*** DATASET EXCERPT
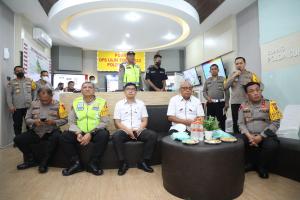Ops Lilin Toba 2022 di Medan dipantau langsung oleh Kompolnas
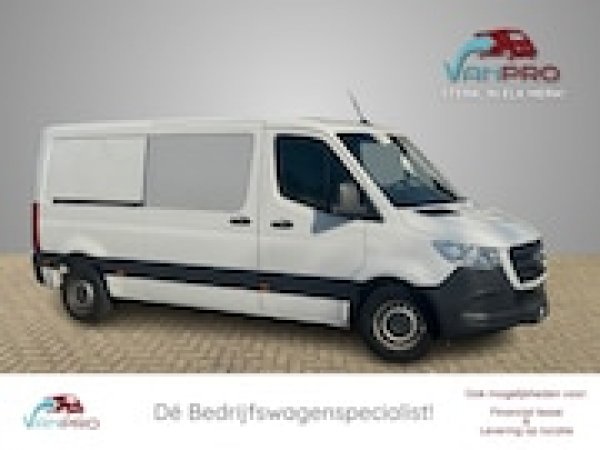 Foto van Mercedes-Benz Sprinter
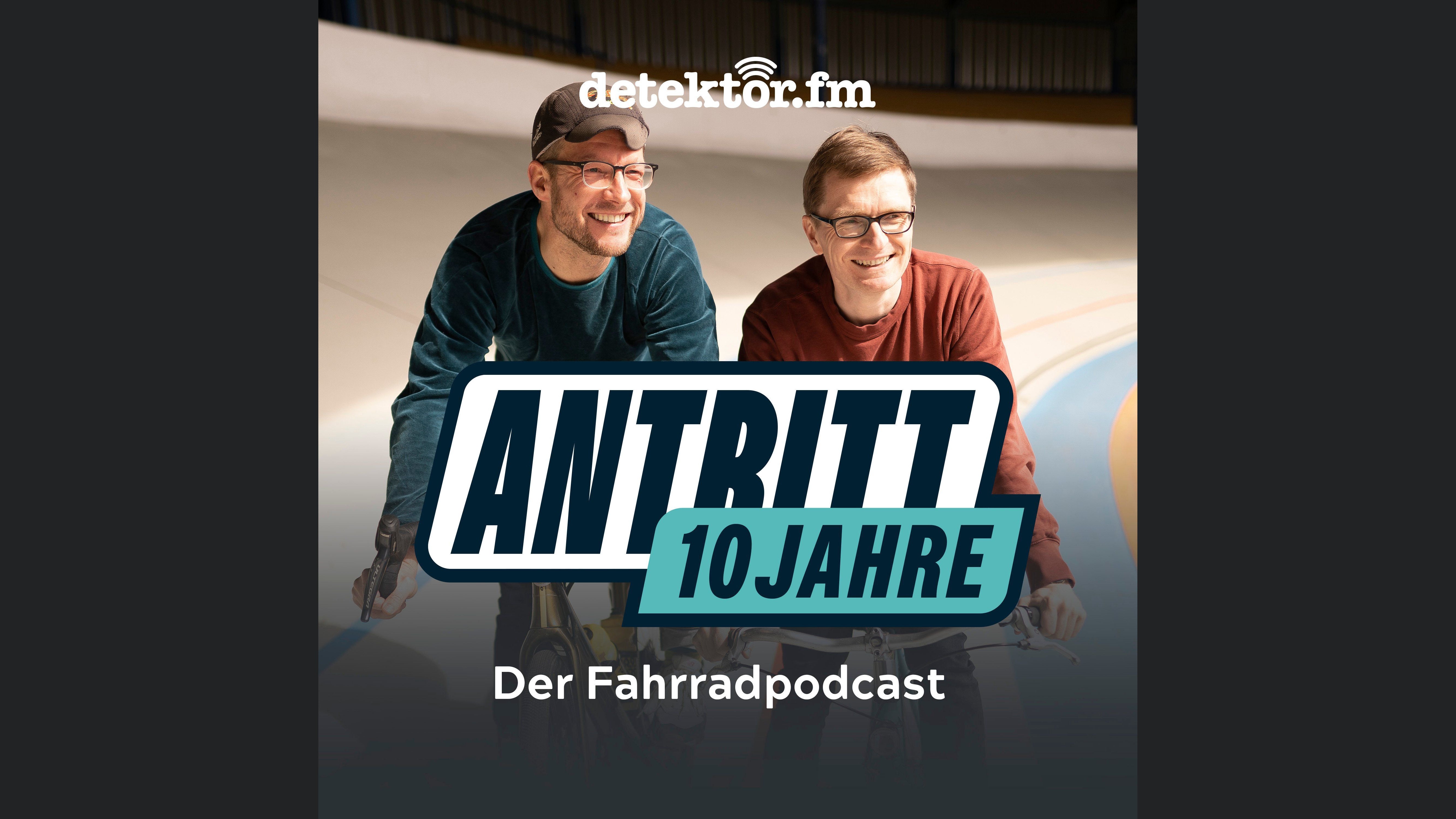Antritt – Der Fahrradpodcast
******
Apart from the images, every line above needs to be printed again exactly.

(RESPONSE TO THIS EXERCISE)
Ops Lilin Toba 2022 di Medan dipantau langsung oleh Kompolnas
 Foto van Mercedes-Benz Sprinter
Antritt – Der Fahrradpodcast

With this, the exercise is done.